→ **Problem**: Reproduce exactly, from the data that follows, the line with "Splashes of sea water cover a beautiful bride Splashes", the line with "a front view of house with a garden", and every line that lies between them.

'''

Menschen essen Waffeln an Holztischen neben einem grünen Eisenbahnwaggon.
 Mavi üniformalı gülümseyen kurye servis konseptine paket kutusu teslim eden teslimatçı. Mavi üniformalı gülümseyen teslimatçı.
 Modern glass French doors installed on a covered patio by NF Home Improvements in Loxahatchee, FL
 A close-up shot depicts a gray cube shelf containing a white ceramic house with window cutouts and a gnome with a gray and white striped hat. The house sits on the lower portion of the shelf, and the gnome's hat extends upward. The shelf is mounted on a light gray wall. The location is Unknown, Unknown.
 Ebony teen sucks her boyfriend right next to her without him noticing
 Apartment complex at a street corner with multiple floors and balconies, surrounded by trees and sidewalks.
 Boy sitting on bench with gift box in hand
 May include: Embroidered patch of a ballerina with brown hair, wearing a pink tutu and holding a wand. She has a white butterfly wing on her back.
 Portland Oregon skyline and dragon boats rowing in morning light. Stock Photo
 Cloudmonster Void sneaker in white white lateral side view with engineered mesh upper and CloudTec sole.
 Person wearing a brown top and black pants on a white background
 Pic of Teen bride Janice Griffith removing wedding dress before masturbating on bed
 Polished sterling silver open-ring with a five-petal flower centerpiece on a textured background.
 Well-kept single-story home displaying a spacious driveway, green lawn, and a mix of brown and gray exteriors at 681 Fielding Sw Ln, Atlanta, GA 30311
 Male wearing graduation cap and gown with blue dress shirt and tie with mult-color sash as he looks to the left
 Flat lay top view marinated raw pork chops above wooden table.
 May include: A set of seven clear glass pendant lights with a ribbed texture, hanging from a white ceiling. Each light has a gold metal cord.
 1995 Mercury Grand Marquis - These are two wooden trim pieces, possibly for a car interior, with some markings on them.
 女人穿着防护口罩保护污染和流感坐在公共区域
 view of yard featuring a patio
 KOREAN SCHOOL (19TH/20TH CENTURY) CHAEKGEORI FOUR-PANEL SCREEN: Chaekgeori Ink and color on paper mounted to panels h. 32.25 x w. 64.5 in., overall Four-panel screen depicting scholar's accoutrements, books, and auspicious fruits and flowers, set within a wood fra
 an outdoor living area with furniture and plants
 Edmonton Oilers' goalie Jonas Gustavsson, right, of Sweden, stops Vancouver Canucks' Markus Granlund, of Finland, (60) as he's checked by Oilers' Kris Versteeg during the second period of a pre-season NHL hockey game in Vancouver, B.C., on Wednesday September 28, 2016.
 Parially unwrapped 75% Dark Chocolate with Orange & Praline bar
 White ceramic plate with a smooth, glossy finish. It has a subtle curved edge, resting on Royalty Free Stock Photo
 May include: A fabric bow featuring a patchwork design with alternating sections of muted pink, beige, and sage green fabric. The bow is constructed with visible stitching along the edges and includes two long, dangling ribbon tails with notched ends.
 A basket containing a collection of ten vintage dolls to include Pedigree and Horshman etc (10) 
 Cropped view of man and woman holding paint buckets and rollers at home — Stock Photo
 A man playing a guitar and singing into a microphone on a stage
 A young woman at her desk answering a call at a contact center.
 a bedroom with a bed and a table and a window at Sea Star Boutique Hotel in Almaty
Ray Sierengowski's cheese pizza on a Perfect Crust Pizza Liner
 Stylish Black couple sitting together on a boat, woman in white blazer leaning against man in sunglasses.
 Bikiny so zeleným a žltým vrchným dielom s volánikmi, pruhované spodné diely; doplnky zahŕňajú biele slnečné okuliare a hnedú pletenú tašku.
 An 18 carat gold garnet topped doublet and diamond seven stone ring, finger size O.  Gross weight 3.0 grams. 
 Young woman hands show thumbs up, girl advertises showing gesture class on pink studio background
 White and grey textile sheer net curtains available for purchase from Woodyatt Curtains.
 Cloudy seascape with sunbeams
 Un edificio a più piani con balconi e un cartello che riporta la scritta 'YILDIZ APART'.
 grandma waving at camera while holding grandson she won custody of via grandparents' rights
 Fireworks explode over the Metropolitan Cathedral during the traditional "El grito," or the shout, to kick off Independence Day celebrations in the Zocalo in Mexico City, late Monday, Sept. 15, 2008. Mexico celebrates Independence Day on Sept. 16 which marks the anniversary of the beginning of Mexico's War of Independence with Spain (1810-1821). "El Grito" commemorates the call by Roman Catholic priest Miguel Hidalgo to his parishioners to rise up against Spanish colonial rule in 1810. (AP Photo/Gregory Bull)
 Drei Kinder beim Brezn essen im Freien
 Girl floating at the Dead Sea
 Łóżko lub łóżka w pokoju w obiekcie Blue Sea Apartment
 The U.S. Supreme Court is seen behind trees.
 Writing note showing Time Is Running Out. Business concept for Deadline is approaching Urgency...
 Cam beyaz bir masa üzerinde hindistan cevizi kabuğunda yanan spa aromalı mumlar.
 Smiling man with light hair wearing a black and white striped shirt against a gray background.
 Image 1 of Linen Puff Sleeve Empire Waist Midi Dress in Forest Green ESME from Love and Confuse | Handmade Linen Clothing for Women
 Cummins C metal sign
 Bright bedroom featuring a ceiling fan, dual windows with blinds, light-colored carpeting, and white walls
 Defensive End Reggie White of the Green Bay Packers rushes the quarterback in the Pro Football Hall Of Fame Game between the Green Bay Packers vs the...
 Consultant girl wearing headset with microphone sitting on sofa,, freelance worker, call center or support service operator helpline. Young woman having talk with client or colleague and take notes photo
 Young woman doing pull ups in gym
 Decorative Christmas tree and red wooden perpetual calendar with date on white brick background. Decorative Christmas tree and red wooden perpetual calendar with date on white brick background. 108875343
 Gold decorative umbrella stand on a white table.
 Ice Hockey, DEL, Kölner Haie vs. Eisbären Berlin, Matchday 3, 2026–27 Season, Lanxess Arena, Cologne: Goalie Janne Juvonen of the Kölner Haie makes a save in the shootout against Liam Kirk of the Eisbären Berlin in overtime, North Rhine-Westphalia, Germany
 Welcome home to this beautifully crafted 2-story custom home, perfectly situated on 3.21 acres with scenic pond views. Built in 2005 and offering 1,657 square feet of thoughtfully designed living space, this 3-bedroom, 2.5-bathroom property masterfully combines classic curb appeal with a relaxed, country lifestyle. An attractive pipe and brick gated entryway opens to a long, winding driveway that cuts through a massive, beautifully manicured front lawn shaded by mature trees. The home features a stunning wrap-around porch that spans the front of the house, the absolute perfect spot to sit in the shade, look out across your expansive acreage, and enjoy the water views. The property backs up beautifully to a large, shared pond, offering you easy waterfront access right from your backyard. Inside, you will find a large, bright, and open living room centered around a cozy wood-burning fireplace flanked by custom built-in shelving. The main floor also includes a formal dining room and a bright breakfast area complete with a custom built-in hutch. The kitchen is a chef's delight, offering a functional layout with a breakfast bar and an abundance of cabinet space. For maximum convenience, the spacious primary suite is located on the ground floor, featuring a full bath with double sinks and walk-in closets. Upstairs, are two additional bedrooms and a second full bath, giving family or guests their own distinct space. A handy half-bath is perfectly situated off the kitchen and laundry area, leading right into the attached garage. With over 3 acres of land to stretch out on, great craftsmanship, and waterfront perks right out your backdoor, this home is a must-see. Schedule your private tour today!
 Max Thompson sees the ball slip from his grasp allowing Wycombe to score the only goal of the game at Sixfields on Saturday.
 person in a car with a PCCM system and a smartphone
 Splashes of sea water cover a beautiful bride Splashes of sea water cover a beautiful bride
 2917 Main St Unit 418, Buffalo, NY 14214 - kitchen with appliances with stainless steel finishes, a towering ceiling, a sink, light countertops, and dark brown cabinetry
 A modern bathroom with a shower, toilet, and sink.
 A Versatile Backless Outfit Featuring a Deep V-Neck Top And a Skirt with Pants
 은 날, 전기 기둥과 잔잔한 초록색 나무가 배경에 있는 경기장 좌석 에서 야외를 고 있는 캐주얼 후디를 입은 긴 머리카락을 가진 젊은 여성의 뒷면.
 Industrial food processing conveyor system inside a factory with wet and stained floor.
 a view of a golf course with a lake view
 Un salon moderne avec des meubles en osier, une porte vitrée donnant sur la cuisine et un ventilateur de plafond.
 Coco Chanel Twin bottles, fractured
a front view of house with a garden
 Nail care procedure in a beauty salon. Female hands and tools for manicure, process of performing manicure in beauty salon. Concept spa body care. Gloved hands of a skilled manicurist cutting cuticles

'''

→ **Output**:
 Splashes of sea water cover a beautiful bride Splashes of sea water cover a beautiful bride
 2917 Main St Unit 418, Buffalo, NY 14214 - kitchen with appliances with stainless steel finishes, a towering ceiling, a sink, light countertops, and dark brown cabinetry
 A modern bathroom with a shower, toilet, and sink.
 A Versatile Backless Outfit Featuring a Deep V-Neck Top And a Skirt with Pants
 은 날, 전기 기둥과 잔잔한 초록색 나무가 배경에 있는 경기장 좌석 에서 야외를 고 있는 캐주얼 후디를 입은 긴 머리카락을 가진 젊은 여성의 뒷면.
 Industrial food processing conveyor system inside a factory with wet and stained floor.
 a view of a golf course with a lake view
 Un salon moderne avec des meubles en osier, une porte vitrée donnant sur la cuisine et un ventilateur de plafond.
 Coco Chanel Twin bottles, fractured
a front view of house with a garden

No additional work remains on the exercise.